* What to work on
At the line containing "Trawa, Gazania, Kwiat", begin an exact copy of the lines below and continue through the final one, with no pictures.

─── Materials provided ───

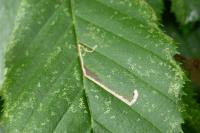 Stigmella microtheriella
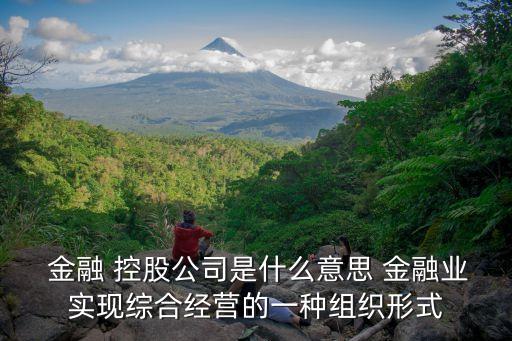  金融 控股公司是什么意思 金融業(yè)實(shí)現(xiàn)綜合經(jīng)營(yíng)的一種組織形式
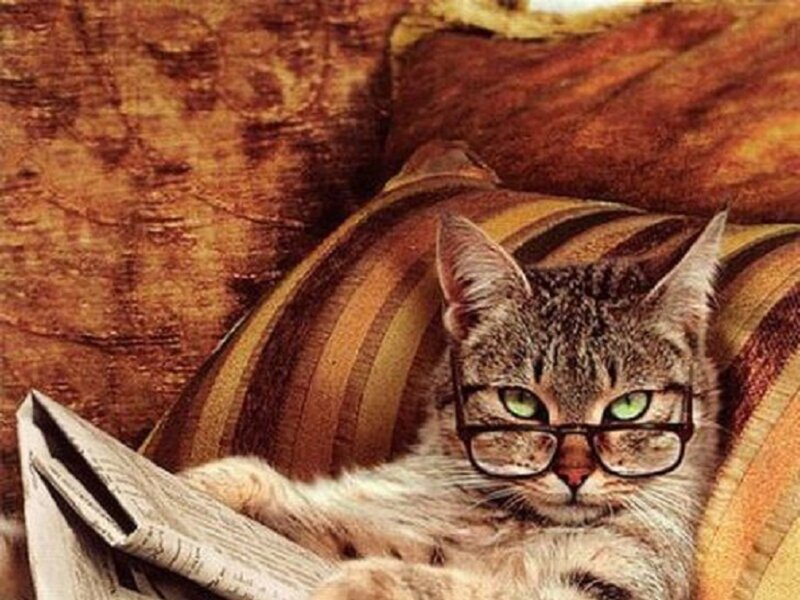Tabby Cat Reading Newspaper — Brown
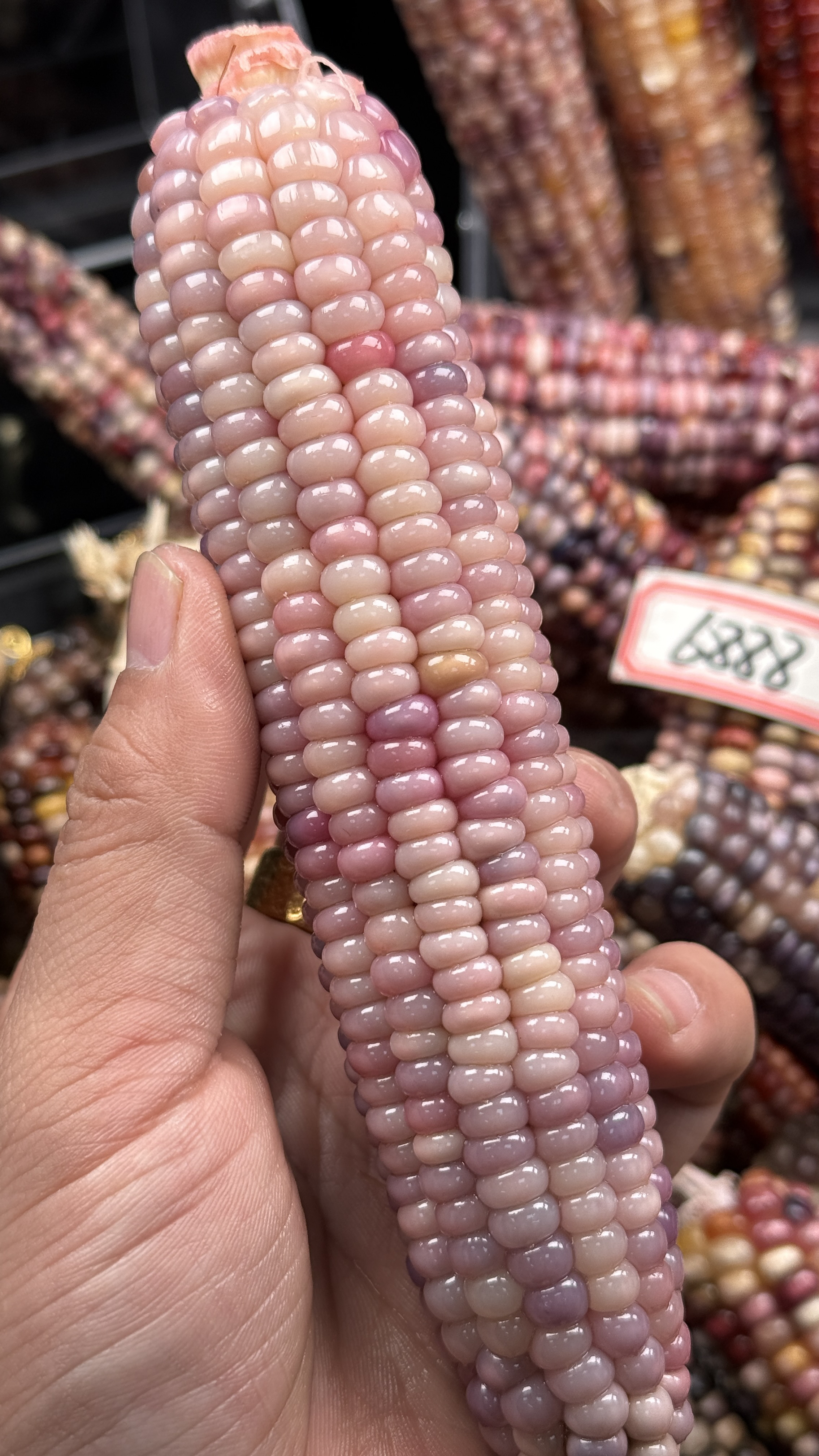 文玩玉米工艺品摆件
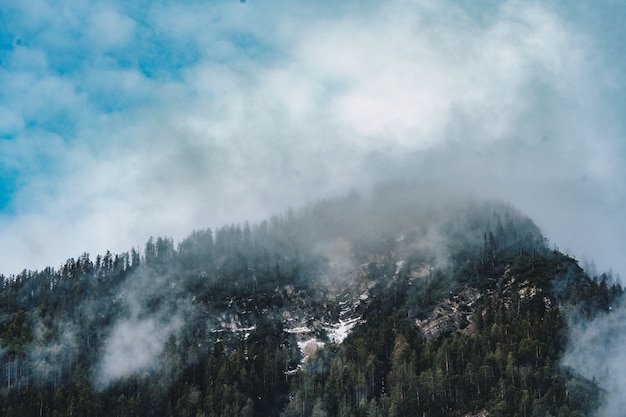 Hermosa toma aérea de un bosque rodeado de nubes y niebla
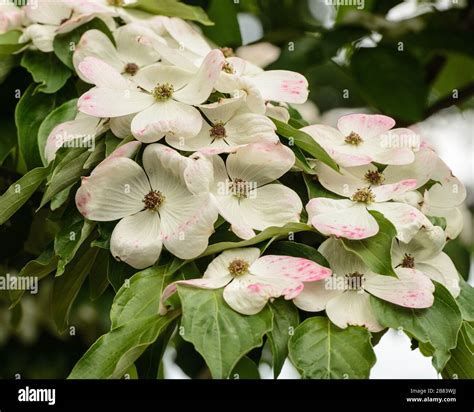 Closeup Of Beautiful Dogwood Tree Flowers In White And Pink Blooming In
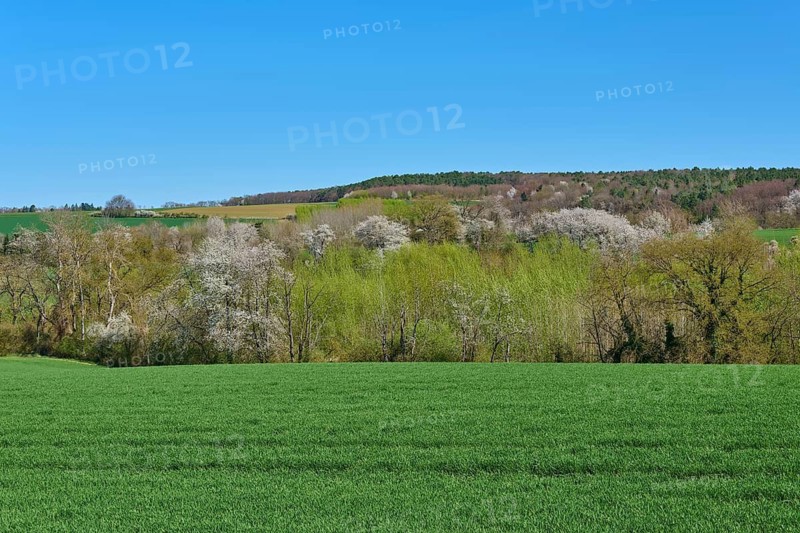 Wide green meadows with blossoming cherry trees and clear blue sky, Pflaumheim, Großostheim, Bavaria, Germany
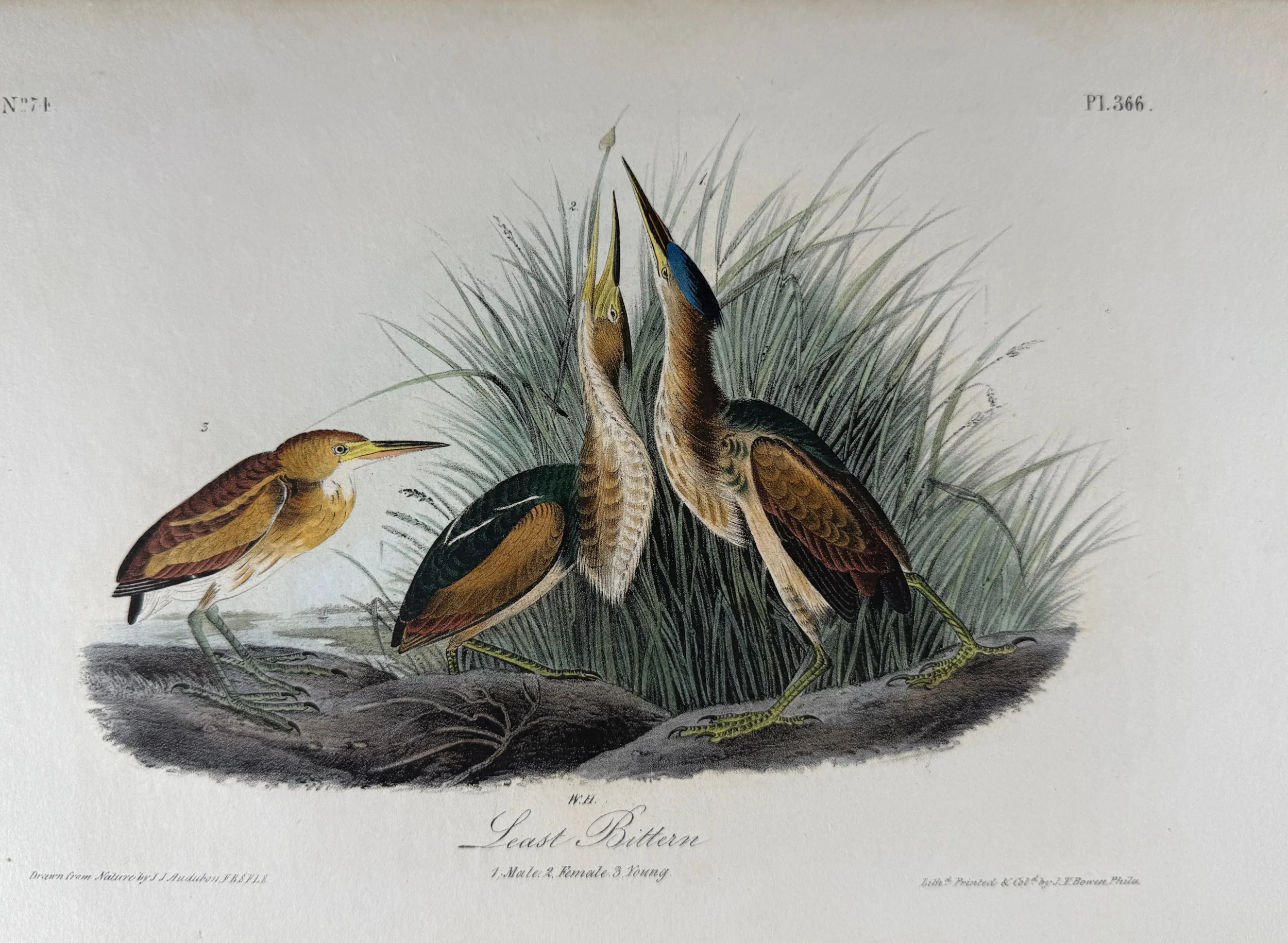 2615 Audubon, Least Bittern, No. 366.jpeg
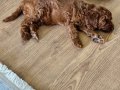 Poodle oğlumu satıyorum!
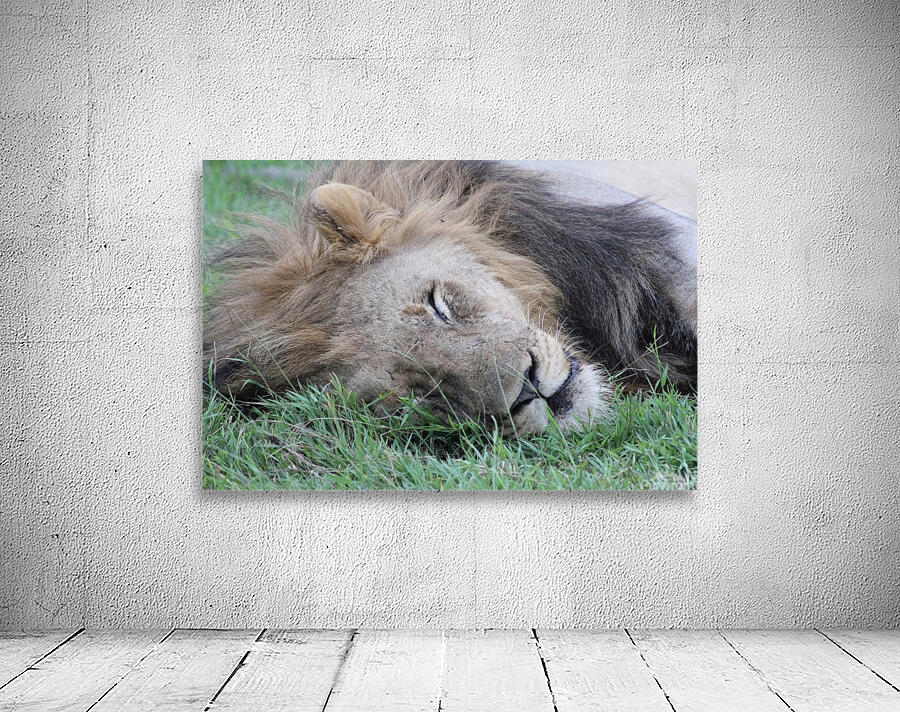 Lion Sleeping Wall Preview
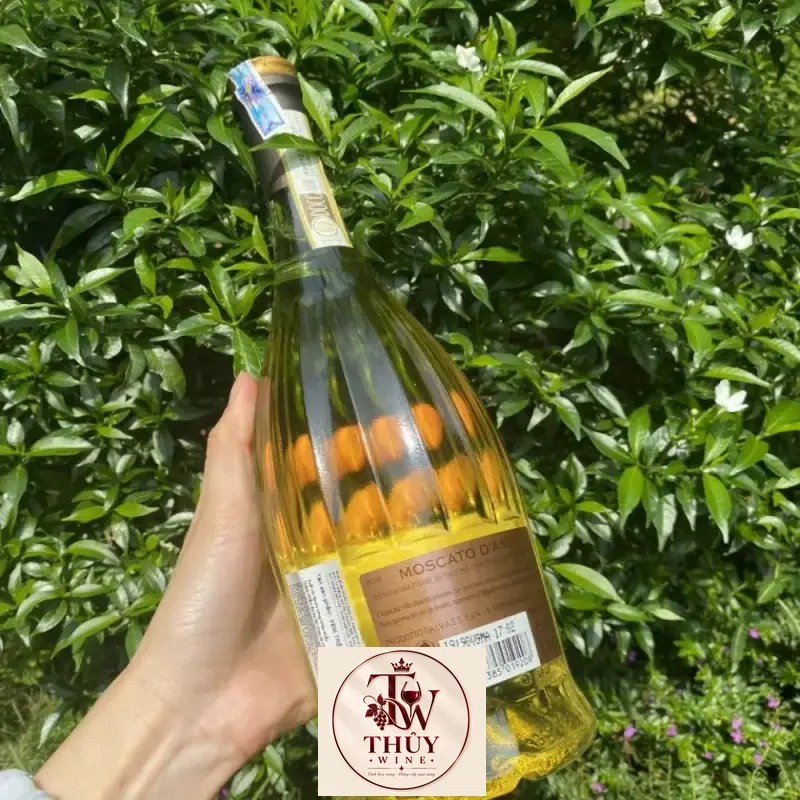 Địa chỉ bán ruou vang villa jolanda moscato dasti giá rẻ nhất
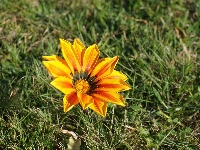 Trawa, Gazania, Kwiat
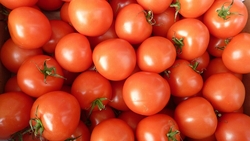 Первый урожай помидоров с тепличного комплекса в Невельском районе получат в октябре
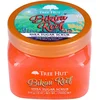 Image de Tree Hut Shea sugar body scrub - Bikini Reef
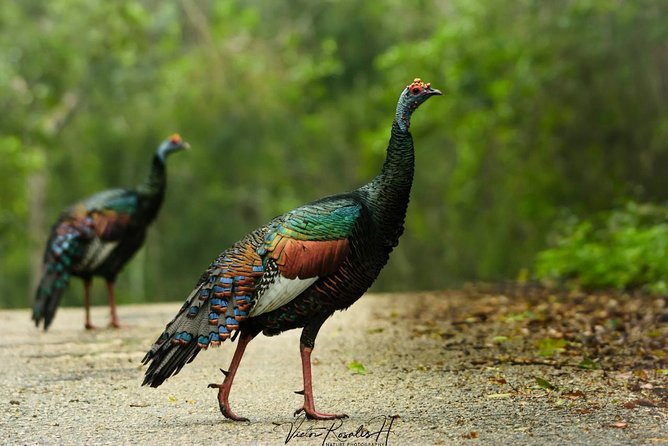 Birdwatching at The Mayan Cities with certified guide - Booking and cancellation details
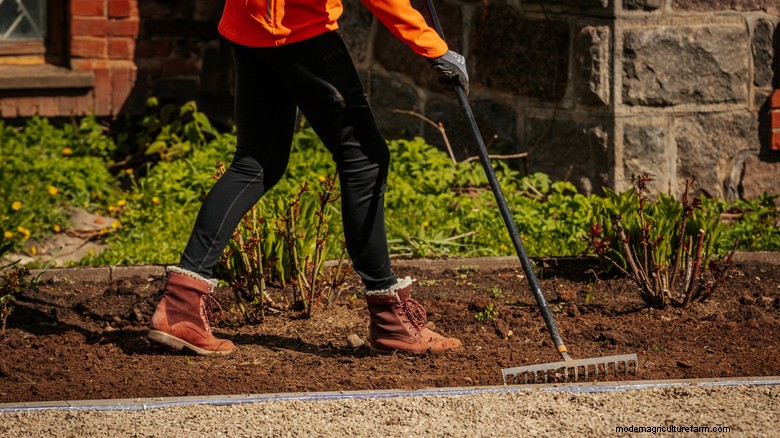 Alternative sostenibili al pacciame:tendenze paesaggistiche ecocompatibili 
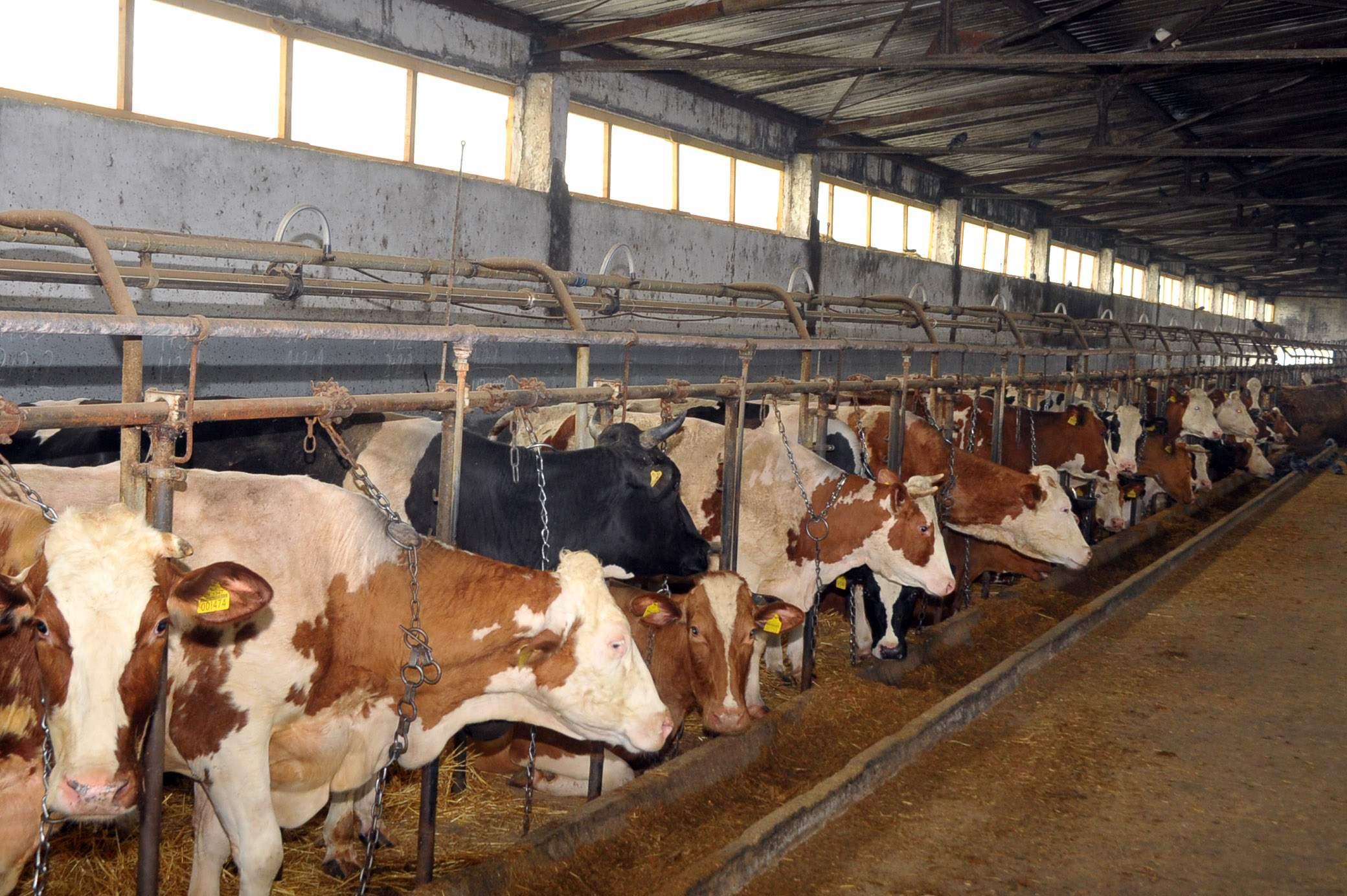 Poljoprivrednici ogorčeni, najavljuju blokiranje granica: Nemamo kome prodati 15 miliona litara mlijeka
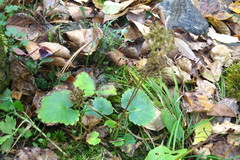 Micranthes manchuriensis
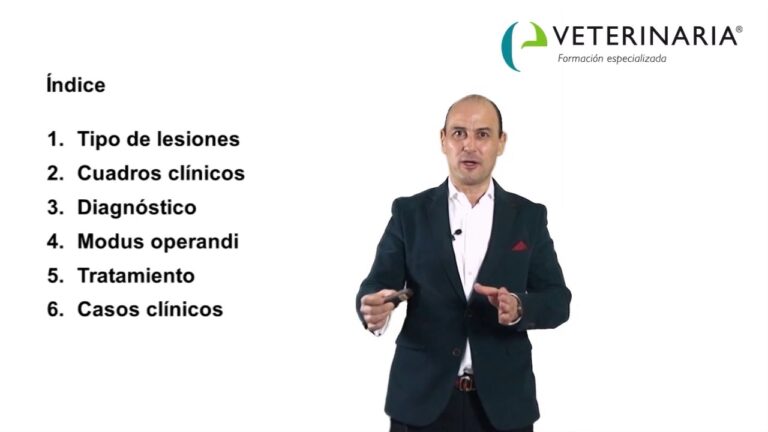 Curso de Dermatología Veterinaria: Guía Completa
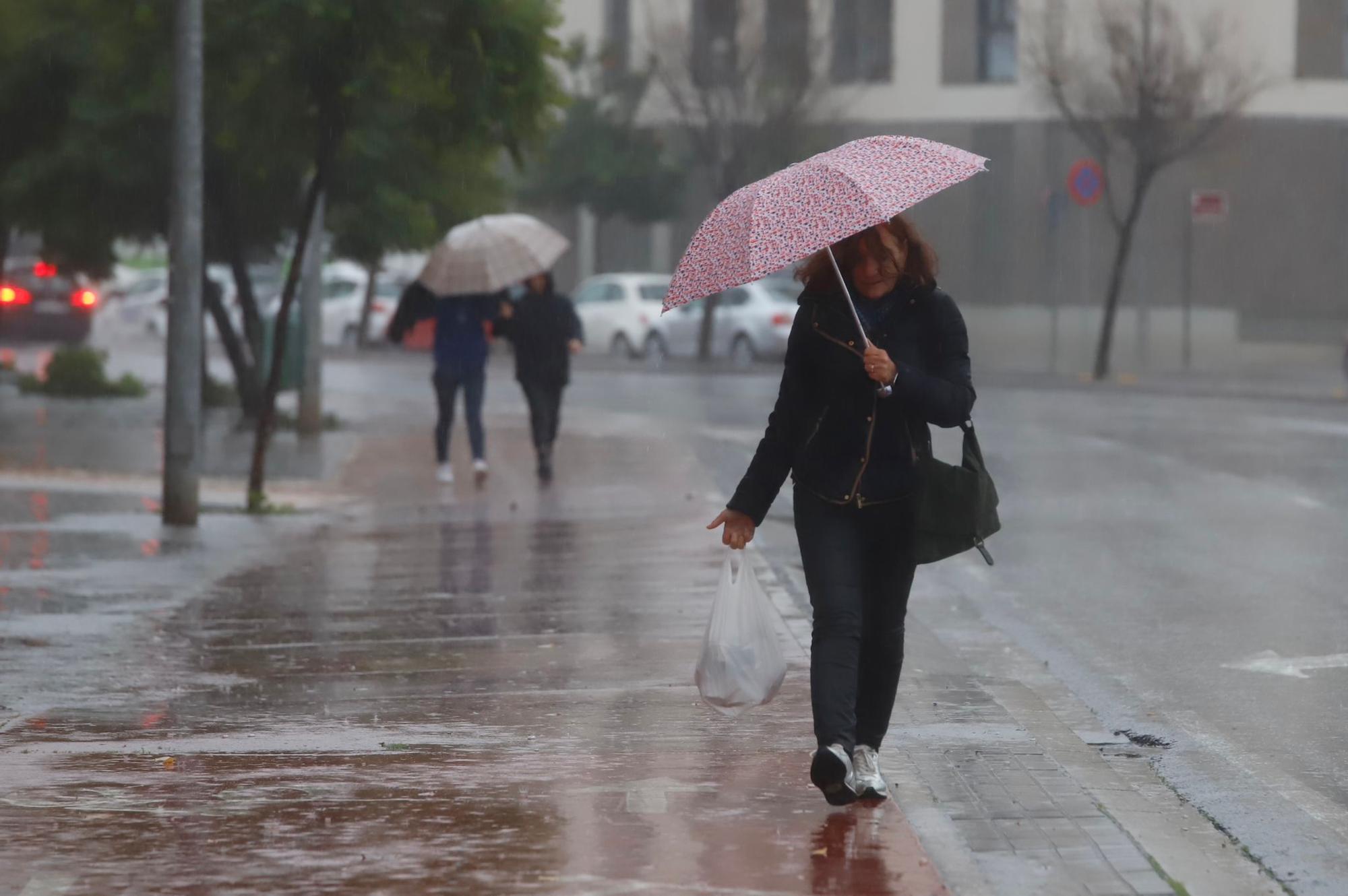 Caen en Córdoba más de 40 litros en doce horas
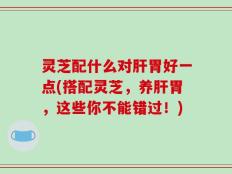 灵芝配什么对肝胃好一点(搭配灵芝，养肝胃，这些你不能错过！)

───

* Task response
 Trawa, Gazania, Kwiat
 Первый урожай помидоров с тепличного комплекса в Невельском районе получат в октябре
 Image de Tree Hut Shea sugar body scrub - Bikini Reef
 Birdwatching at The Mayan Cities with certified guide - Booking and cancellation details
 Alternative sostenibili al pacciame:tendenze paesaggistiche ecocompatibili 
 Poljoprivrednici ogorčeni, najavljuju blokiranje granica: Nemamo kome prodati 15 miliona litara mlijeka
 Micranthes manchuriensis
 Curso de Dermatología Veterinaria: Guía Completa
 Caen en Córdoba más de 40 litros en doce horas
 灵芝配什么对肝胃好一点(搭配灵芝，养肝胃，这些你不能错过！)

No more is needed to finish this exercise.